Las d'être constamment la source de leurs malheurs, Harry avait pris l'habitude de se promener dans son quartier. En fait, il se plaisait à dire qu'il patrouillait, mais personne n'était au courant, sauf peut-être Mme Figg qu'il rencontrait parfois. Il ne partait jamais longtemps, puisqu'à chaque retour, on le soumettait invariablement à un interminable interrogatoire sur ses allées et venues et surtout sur les personnes avec qui il avait parlé. Harry ne parlait jamais à personne et personne ne lui parlait.

Il regrettait le temps où, avant de commencer son éducation de magicien à Poudlard, on le saluait parfois dans la rue. Ces gens, il l'avait appris plus tard, faisaient partie de la communauté magique et il s'était toujours demandé s'ils avaient été chargés de le surveiller pour le protéger, à l'instar de Mme Figg.

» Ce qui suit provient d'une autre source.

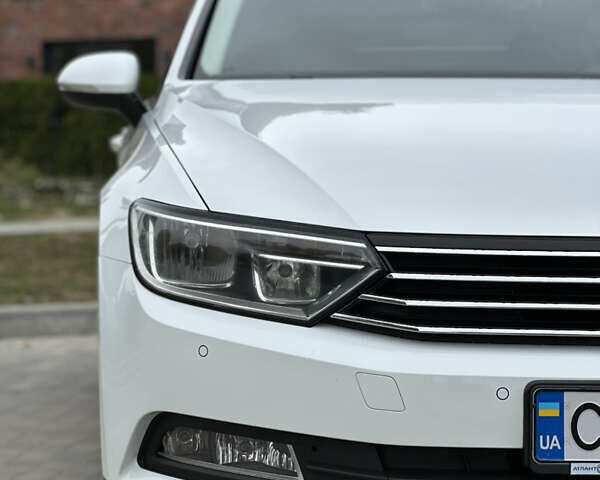 Білий Фольксваген Пассат, об'ємом двигуна 1.4 л та пробігом 145 тис. км за 14500 $, фото 6 на Automoto.ua
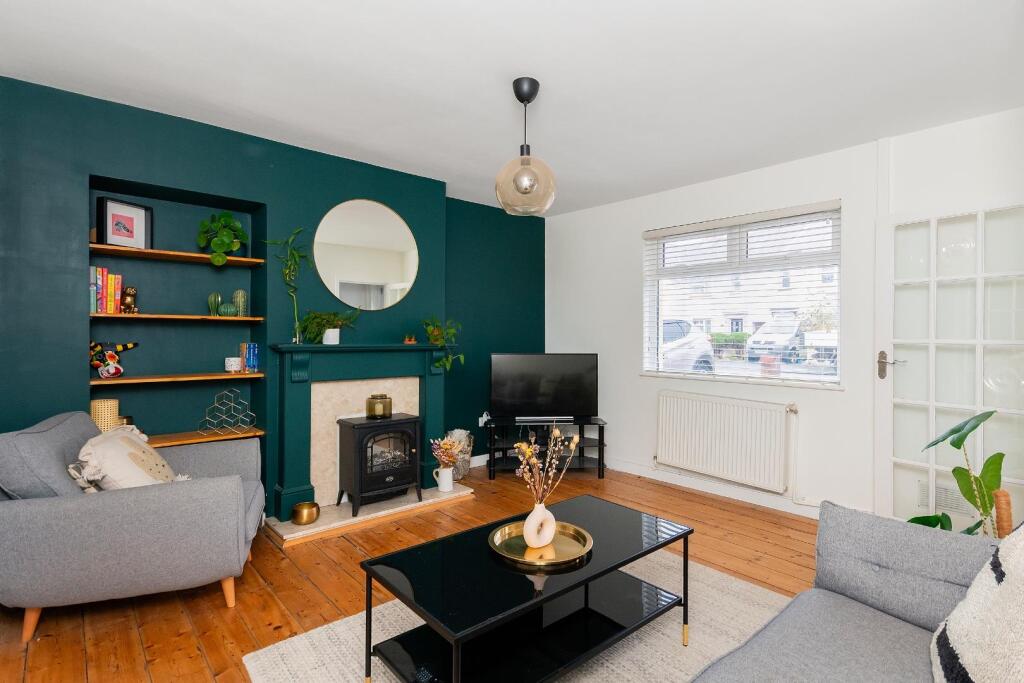 3B8RBR - Living Room F.jpg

À cause de la peur qu'inspirait son énorme cousin à ses camarades de classe, Harry n'avait jamais eu d'amis jusqu'à son entrée à Poudlard. Comme Ron et Hermione lui manquaient! En fait, il n'y avait qu'une seule personne que Harry n'avait pas vraiment envie de revoir et c'était Rogue, le détestable Maître des potions.

Cet après-midi là, assis sur le muret de la propriété, il regardait pensivement les autres maisons de Privet Drive. Quand son regard croisa celui désapprobateur d'un voisin, il rougit et se tourna de l'autre côté, mais ce qu'il vit alors le sortit instantanément de sa torpeur. Il se redressa aussi soudainement que les cheveux de sa tête.

Au bout de la rue, il y avait une maison, la plus ancienne de Little Whinging, et la préférée de Harry. En effet, il était souvent passé devant cette maison abandonnée et il l'adorait. Après plusieurs années de laisser-aller, la maison semblait revenir à la vie. Elle semblait tout à coup avoir changé de couleur et détonnait maintenant encore plus sur les autres. Et puis… Était-ce possible? Il se frotta les yeux. La maison avait-elle vraiment bougé? Il ferma les yeux et regarda de nouveau. Mais si! La maison bougeait vraiment. En jetant un regard autour de lui, il constata qu'aucun des voisins ne semblait remarquer quoi que ce soit.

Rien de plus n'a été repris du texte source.